Data to examine>
◆ ◆ ◆

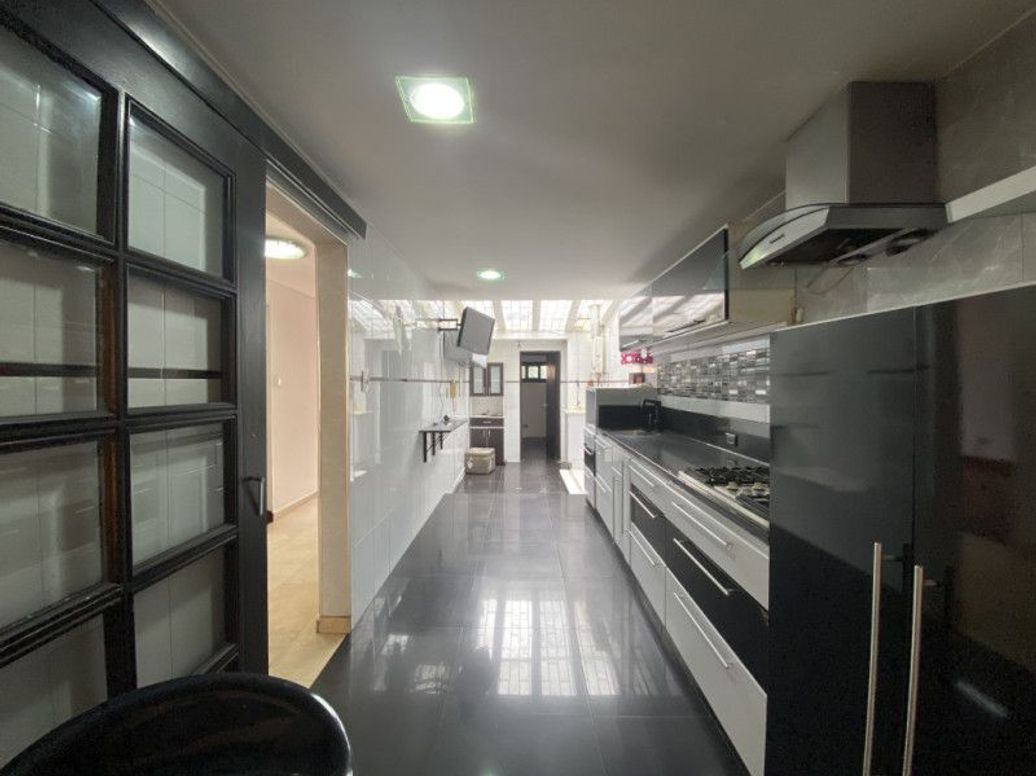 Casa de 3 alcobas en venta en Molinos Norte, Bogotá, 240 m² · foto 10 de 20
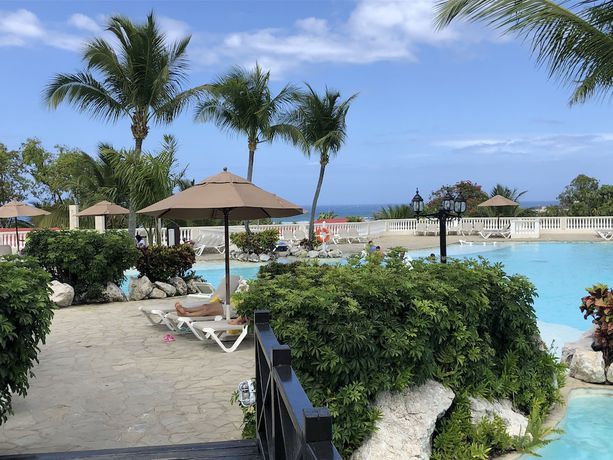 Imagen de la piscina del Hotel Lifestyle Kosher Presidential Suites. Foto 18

◆ ◆ ◆

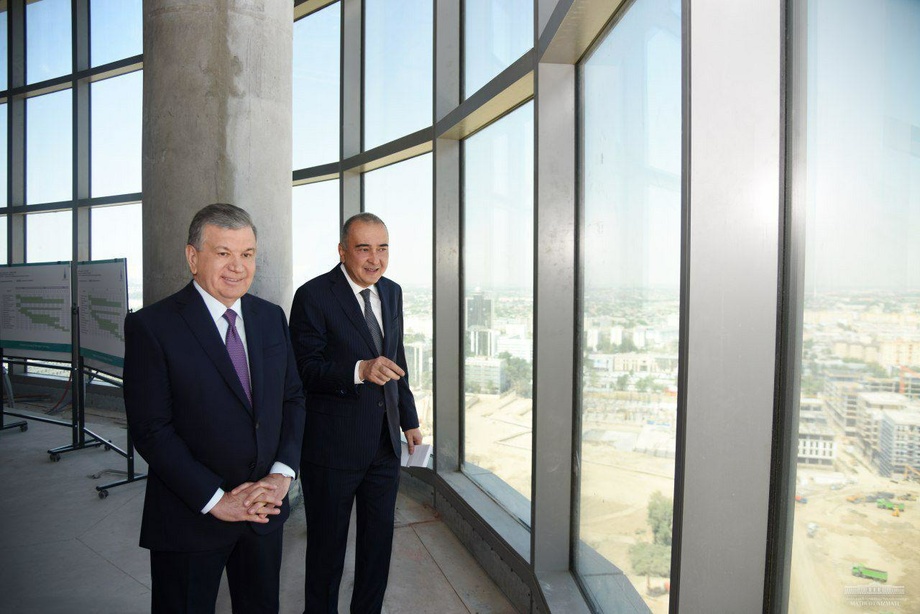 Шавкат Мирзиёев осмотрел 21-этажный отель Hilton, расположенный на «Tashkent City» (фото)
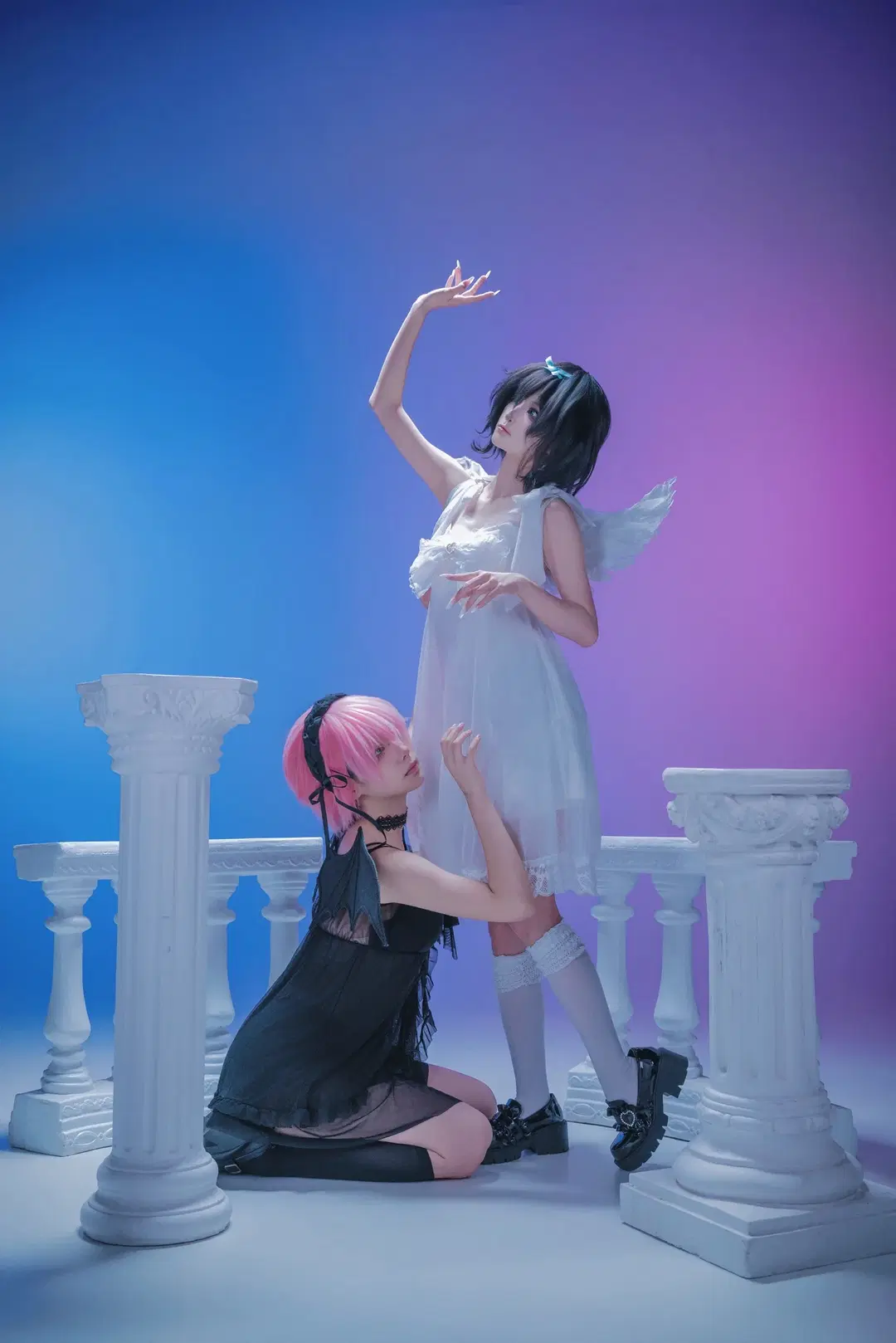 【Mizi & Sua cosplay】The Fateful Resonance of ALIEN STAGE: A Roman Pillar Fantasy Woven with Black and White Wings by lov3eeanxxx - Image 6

◆ ◆ ◆

Directions> The response must repeat exactly the lines above from the one with "Casa de 3 alcobas" through the one with "Imagen de la", including both, and must contain no pictures and no other text.

Response>
 Casa de 3 alcobas en venta en Molinos Norte, Bogotá, 240 m² · foto 10 de 20
 Imagen de la piscina del Hotel Lifestyle Kosher Presidential Suites. Foto 18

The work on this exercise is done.